Indeed, Nvidia’s last generation server-class GPU chip (H100) costs more than $30’000 (when available, otherwise more than $40,000 on eBay) and sucks about 700 Watt. Multiplying these numbers by the 10’000 units used to train ChatGPT gives an idea of the needed budget to build the training platform as well as the associated operating costs. It is estimated that offering mainstream access to ChatGPT costs about $700’000 per day, or 36 cents per query vs. 1.61 cents for a traditional Google search query.
As these elevated operating costs will keep on increasing with the widespread adoption of AI and the increasing complexity of Deep Learning models, alternatives to pricey and power-hungry GPUs are needed.
This alternative is called Tensor Processing Units, or TPUs (loosely defined, a Tensor is a multi-dimensional matrix). In the machine learning world, a Tensor holds the training-acquired knowledge of the model: the billions of parameters (called the weights) linking the artificial neurons together. Since TPUs are specifically designed and optimized to calculate and manipulate these billions of weights, they are necessarily faster and less power hungry than generalist chips like GPUs.
Back in October 2022, we wrote an article about hyperscalers’ in-house designed ARM-based chips used to boost specific cloud workloads. ChatGPT’s success is now redirecting and reinforcing their proprietary semiconductor design efforts towards specialty AI chips.
Google was the TPU pioneer when it announced, in 2016, the first generation of its homegrown solution (4th gen was released last year). Amazon followed with its Trainium chip while Microsoft confirmed several days ago that it is working on the design of its own TPU-like training chip called Athena.
As the TPU market segment is expected to grow 50% faster than the global semiconductor industry over the coming years, it is no surprise that a flurry of private companies like Cerebras, Graphcore or SambaNova, have also entered the party to grab a share of this lucrative market. We believe that the likelihood of success of these startups will be quite limited without the backing of a hyperscaler (access to a state-of-the-art cloud computing platform).
As almost all hyperscalers will soon have their own TPUs, Nvidia’s AI hegemony and 95% training chip market share will inevitably shrink. That said, Nvidia will likely maintain a commanding position in the AI research/testing field as TPUs are designed for one specific AI model architecture without any possibility of evolution. And it’s widely expected that Microsoft and peers will not completely shift from Nvidia GPUs to their own TPUs but will rather seek to reduce their overall dependence and get leverage in negotiations with Nvidia.
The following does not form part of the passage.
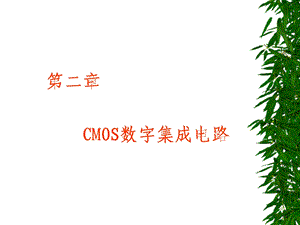 CMOS数字集成电路.ppt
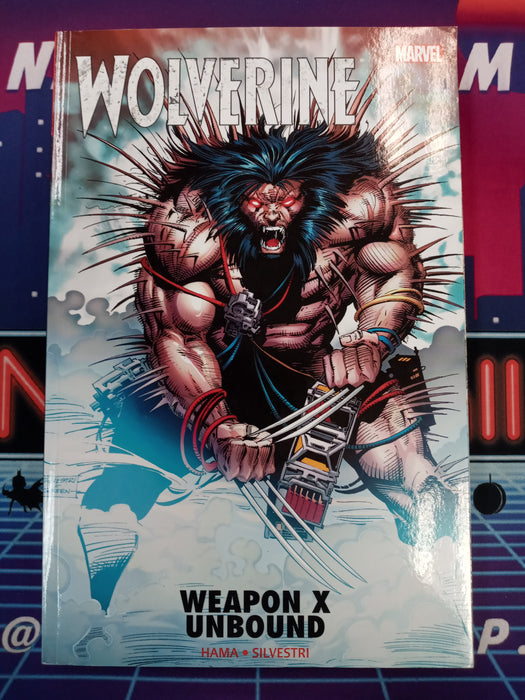 Wolverine: Weapon X Unbound TPB 2017 (Pre Owned)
Hence, despite all the TPU announcements and initiatives (that started as soon as 2016 as mentioned above), Nvidia’s technology remains a must have, as illustrated by recent reports that ChatGPT upgrade may require an additional 30,000 Nvidia GPUs this year and that Elon Musk purchased 10,000 GPUs (likely from Nvidia) for his own generative AI project.
And last but not least, AI training is a booming market, offering room for several products/technologies. Recent reports suggest notably that the leading cloud providers have had to limit availability of AI computing/chips for customers due to massive demand.